On September 24, 2012, the Supreme Court rejected a petition filed by human rights groups Gisha and Al Mezan (HCJ 495/12 Izzat v. Minister of Defense) on behalf of five female students from the Gaza Strip who had asked to travel to the West Bank to continue their academic studies. The five students were enrolled in gender, democracy and law programs at Birzeit University. Israel banned Gaza students from studying in the West Bank in 2000, and since then, only three students from Gaza were able to take up academic studies in the West Bank in the framework of an American scholarship program.
Four of the petitioners are women over the age of 37. They are leading civil society leaders in Gaza and run women’s organization that work toward empowering women both socially and economically. They began their Master’s studies at Birzeit University but were unable to complete their programs because of the travel ban. The programs they wish to complete are unique in the Middle East.

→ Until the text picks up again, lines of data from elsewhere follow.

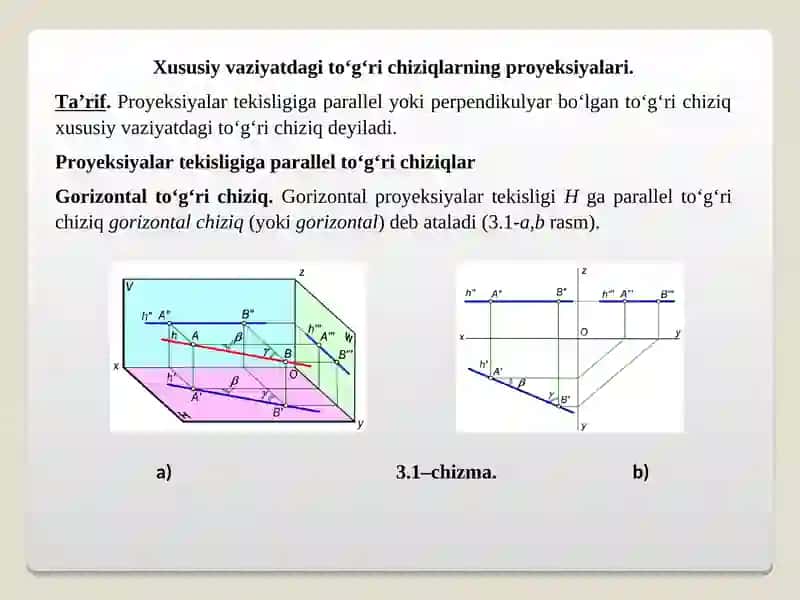 Xususiy vaziyatdagi to'g'ri chiziqlar 3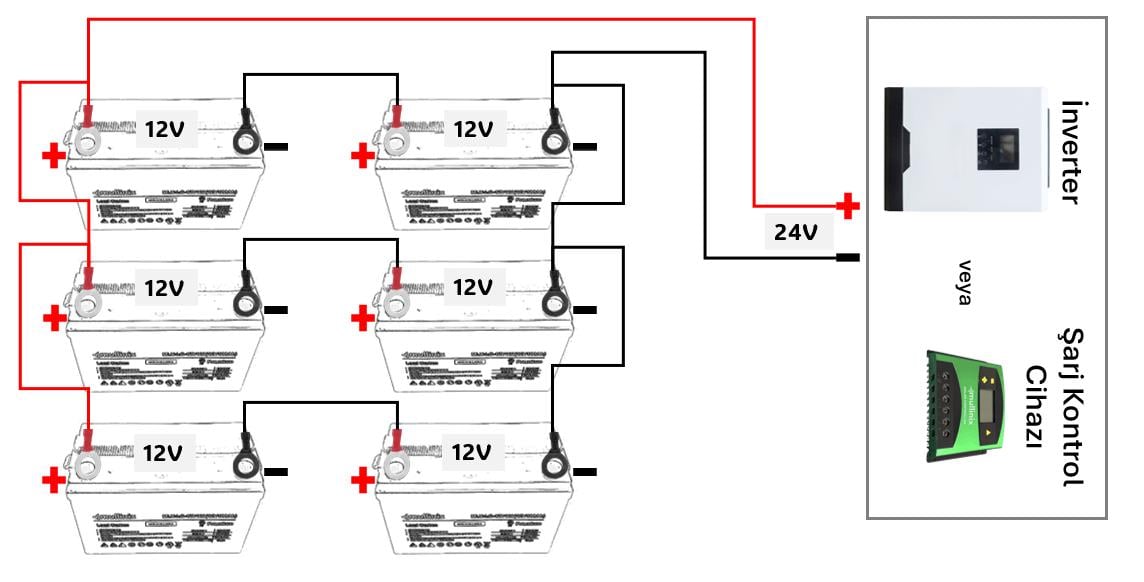 6 Adet 12 Volt Akü Seri ve Paralel Bağlantı Şeması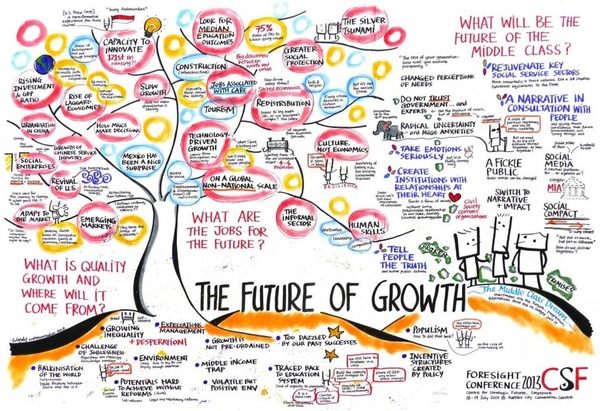 Key insights from Singapore Foresight Week 2013 | Innovating to what's next... | Scoop.it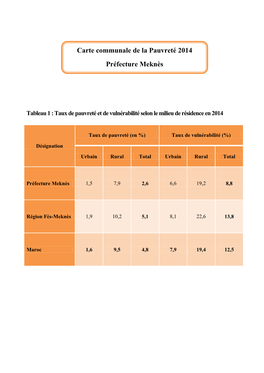 Carte Communale De La Pauvreté 2014 Préfecture Meknès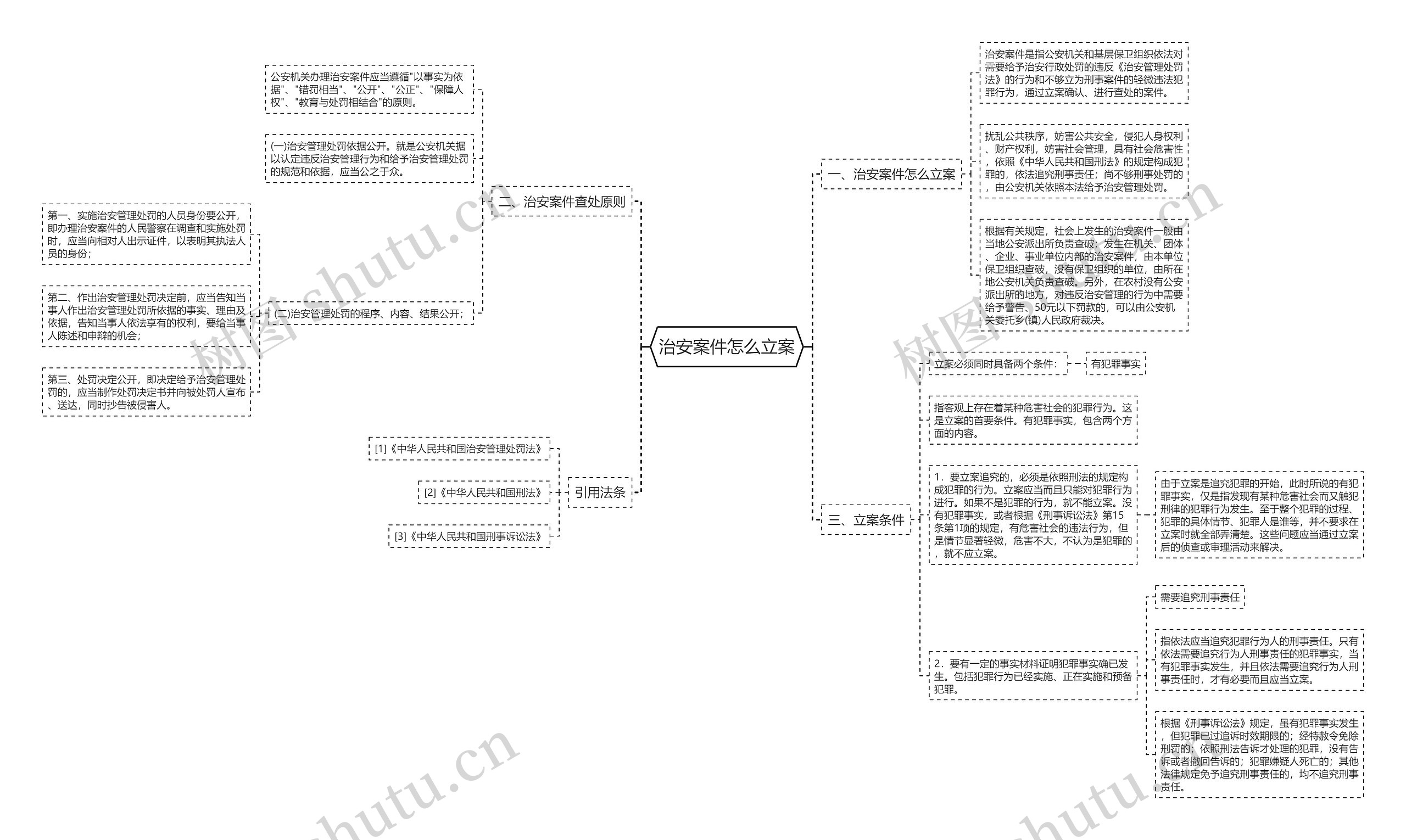 治安案件怎么立案思维导图
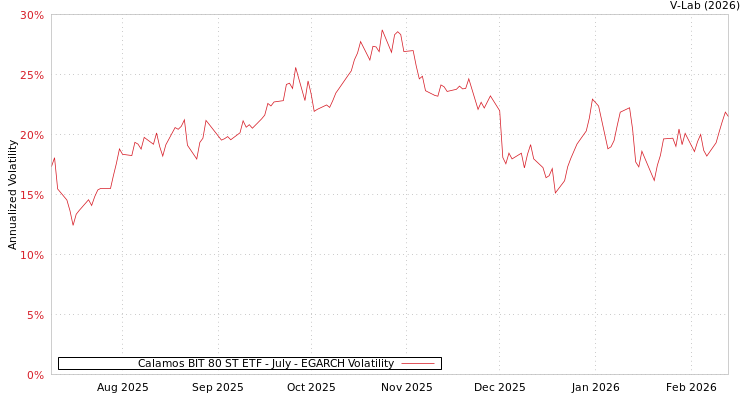 graph of Calamos BIT 80 ST ETF - July EGARCH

They are tailored to the circumstances of Palestinian society and are available only at Birzeit University.
In a majority opinion, against the dissenting opinion of Justice Rubinstein, Justices Naor and Zylbertal held that the state was not obligated to set up an exceptions committee that would pave the way for the petitioners to study in the West Bank for a number of reasons (according to the opinion of Justice Naor):
1. Foreign nationals have no vested right to enter Israel.

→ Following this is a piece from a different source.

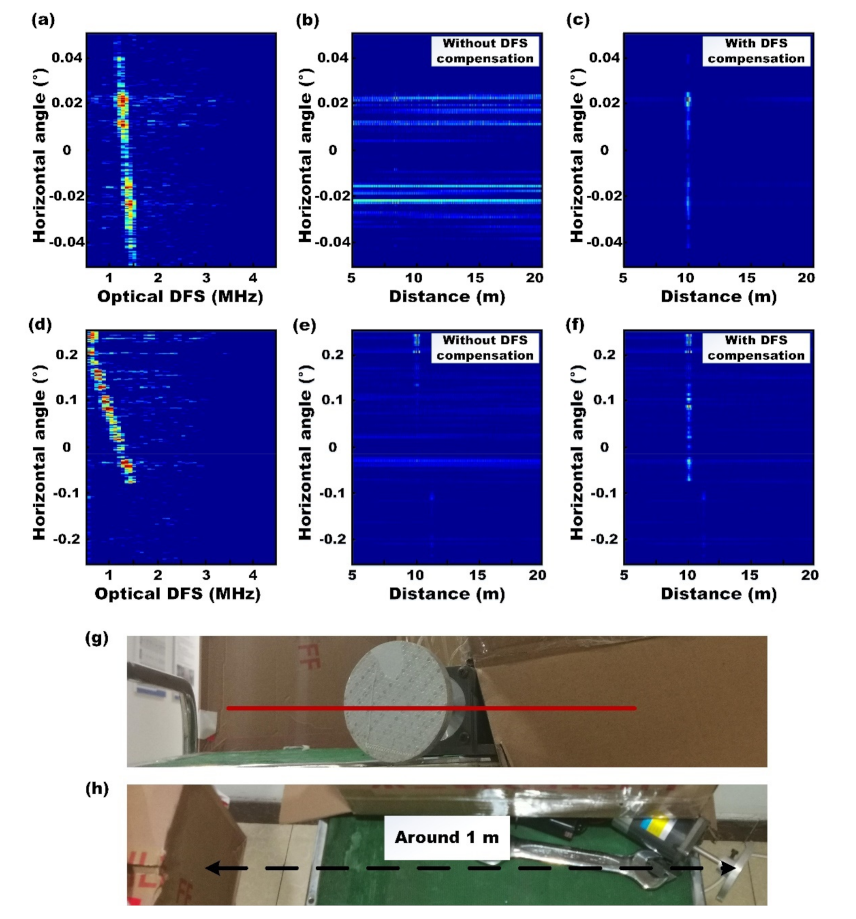 Photonics 08 00475 g011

2. There is no room for intervention in the respondents’ policy whereby only applications that present exceptional humanitarian grounds are individually examined.
3. There is no way to individually screen people who seek entry into Israel from Gaza.

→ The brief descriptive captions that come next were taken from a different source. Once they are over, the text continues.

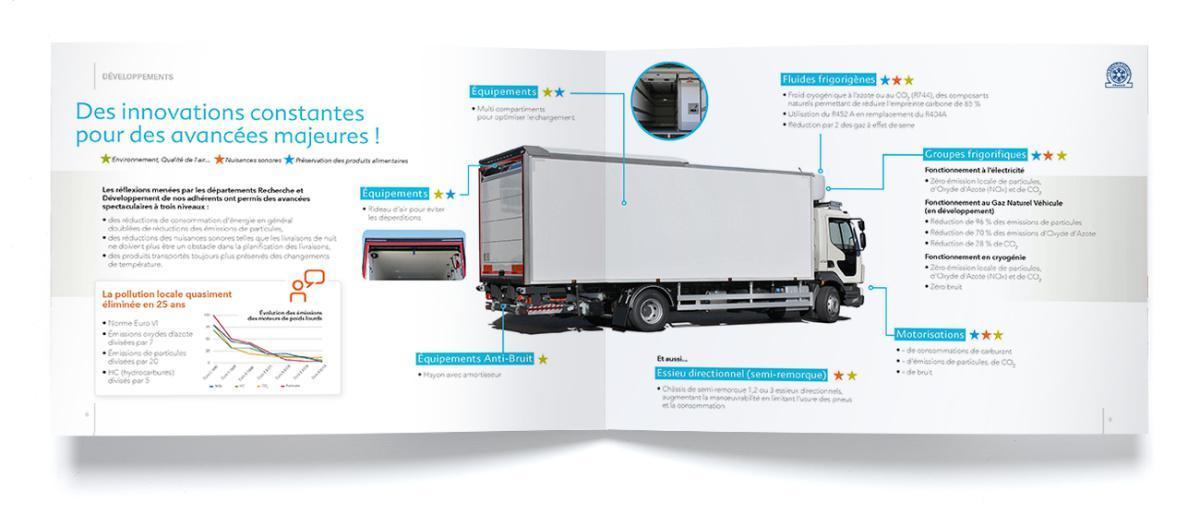 Logistique urbaine : Transfrigoroute lance un livret pour faire bouger les lignes ! Logistique urbaine : Transfrigoroute lance un livret pour faire bouger les lignes !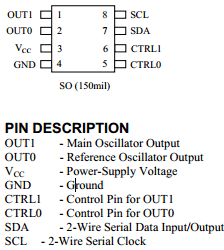 DS1085L Datasheet PDF Maxim Integrated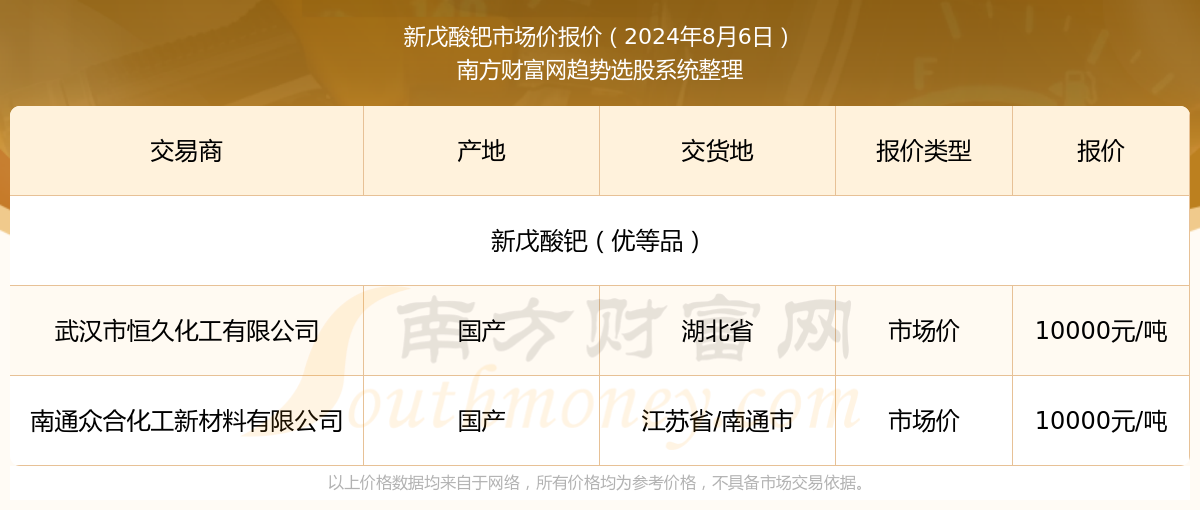 劉佰溫三肖必出一期,全面數(shù)據(jù)分析_ZUA9.706原汁原味版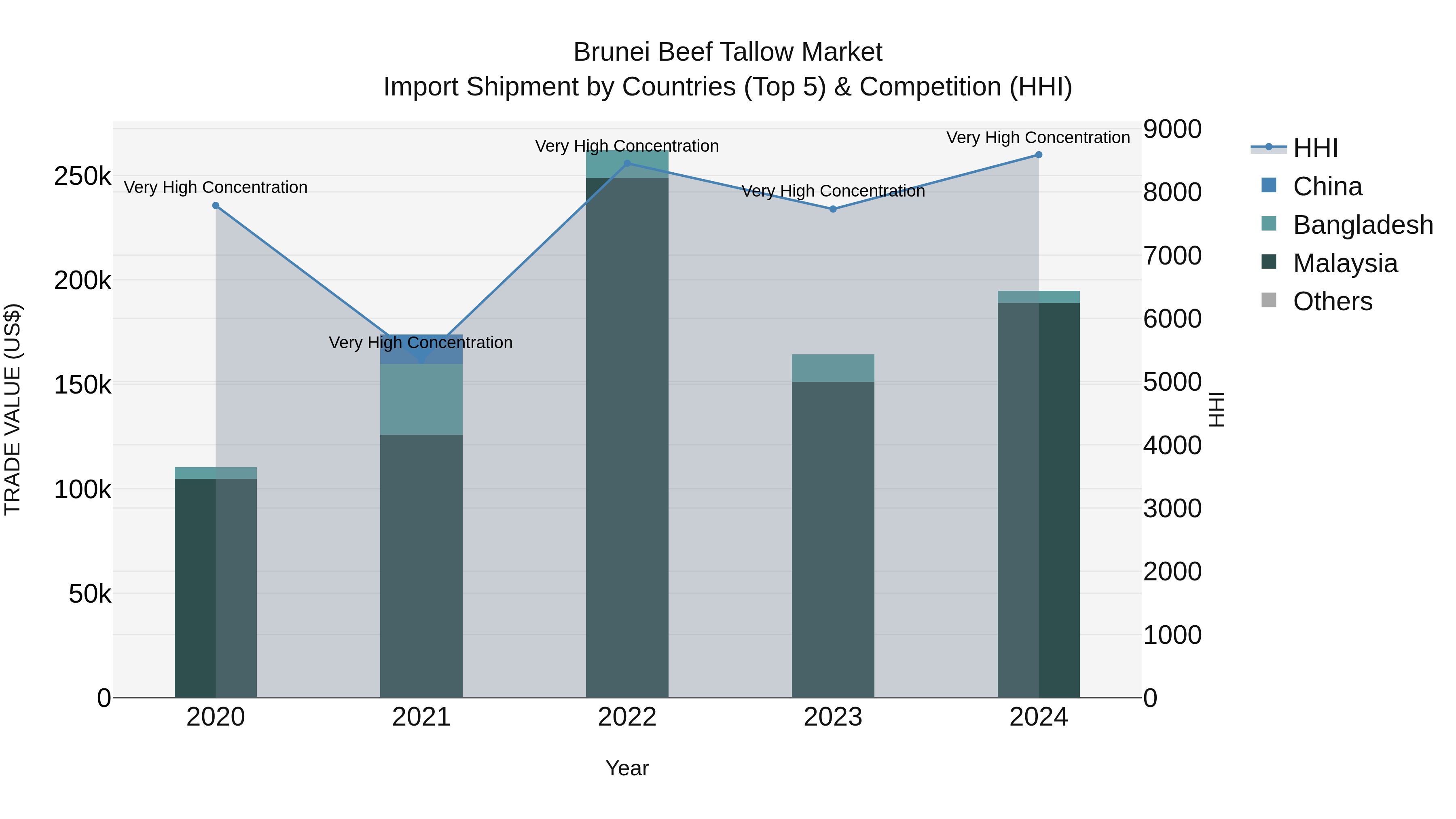Brunei Beef Tallow Market: Top 5 Importing Countries and Market Competition (HHI) Analysis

4. Establishing an exceptions committee will lead to allegations of discrimination. The fact that Israel makes “exceptions” that allow entry into its territory for policy related issues, does not constitute a departure from the respondents’ policy.
Justice Zylbertal added that:
1. Establishing criteria without a mechanism for exceptions constitutes a reasonable policy.
2. Compelling the state to establish a mechanism for exceptions would be a material change in the respondents’ policy.
3. A mechanism for exceptions would undermine the “separation policy”, which is based on political and security grounds – a policy that was not found to be unreasonable.
By contrast, Justice Rubinstein thought that a mechanism for exceptions should be established, as ruled in a 2007 HCJ judgment (HCJ 1120/07 Hamdan v. OC Southern Command), based on the respondents’ own official policy. Justice Rubinstein ruled that an order absolute instructing the state to establish an exceptions committee should be issued. He believed that it was possible to establish such a committee as part of the existing policy of reducing the number of Gaza residents entering Israel and in the framework of what is called the separation policy.
For the sake of argument, Justice Rubinstein presumed that Israel’s humanitarian obligations toward Palestinian residents did not include upholding the right to study in the West Bank and to travel through Israel. Yet, even given this premise, Justice Rubinstein found that there was room to establish an exceptions committee because the state had declared that all applications, not just humanitarian ones in the narrow sense, are reviewed in any event; and, since there may be exceptions to the criteria for passage stipulated by the state, there ought to be an official exceptions committee to which individuals can turn.